House Republicans are Trying to Change Their Homework… After It Should Have Already Been Handed In

While not a perfect metaphor, I can’t help but think of due dates and assignments as the fiscal cliff drama continues to unfold today. The latest has it that the House Republicans are not happy with the deal that the Senate passed earlier this morning and that they want to make amendments. Under normal circumstances, this is perfectly normal. The two chambers often make amendments to the bills the other has passed and then approve/disapprove, accordingly.

However, this time, it feels more like House Republicans have waited until the extreme last minute to complete their assignment… but now aren’t happy with the way that it looks. Everyone has known that the sequester has been in place for over a year (!) back when there was an agreement on the debt ceiling fight. There’s been plenty of time to craft a bill that everyone can agree to and avoid this New Year‘s Day farce. Unfortunately, that’s not what’s happened.
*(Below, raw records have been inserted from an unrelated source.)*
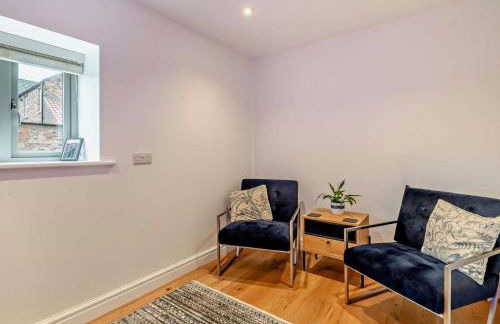 4 Bed in Brough oc-93496 - Foto 13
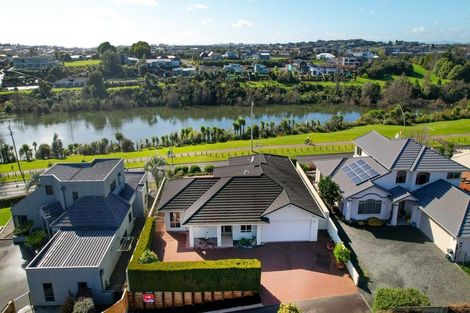 Photo of property in 12 Millthorpe Crescent, Pukete, Hamilton, 3200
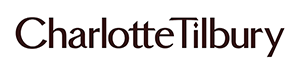 Charlotte Tilbury makeup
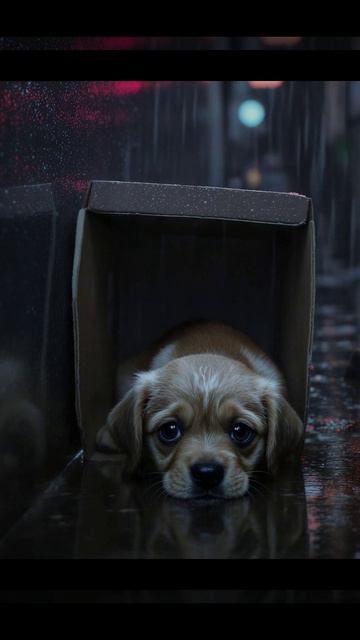 Подари Любовь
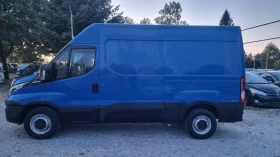 Iveco Daily 3514, снимка 4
In the last few days, the Speaker of the House said — essentially — that it was up to the Senate to pass a bill, so that the House could then vote on said bill. So, that’s exactly what the Senate did last night (or earlier this morning, depending on how you refer to the hours after midnight). As an aside, a huge thank you to all the Senate staffers who had to work through New Year’s eve. I can’t imagine that it was what they thought they’d be doing to ring in 2013. The Senate passed the bill with overwhelming bipartisan support — 89 (out of 100) Senators voted for it.

So, now it’s up to the House to bring the bill to the floor and have a majority of it members vote to pass the bill. Unfortunately, the House Republicans want to amend the bill. They don’t like what’s in it. They don’t think it should pass as is. As I said earlier, under normal circumstances, this would be perfectly normal. However, the circumstances aren’t normal. The “due date” for this “assignment” was last night at midnight (and they didn’t hand it in on time). There’s a “hand it in late deadline” of Thursday and it looks like, if things continue the way they are continuing, that they’re going to blow right through that deadline, too. I certainly hope not.

When you’ve waited ’til the last minute to complete an assignment, you only have a certain number of hours to work with to get it done (I’m sure you’ve all had the experience of working on an assignment the night before [or the morning of] it’s due). It might not be your best work, but depending on the policies in the syllabus, you don’t necessarily have the option of delaying and handing it in well after the deadline. This is what’s happening today in Congress. The House needs to bring the bill to the floor  and pass it — posthaste.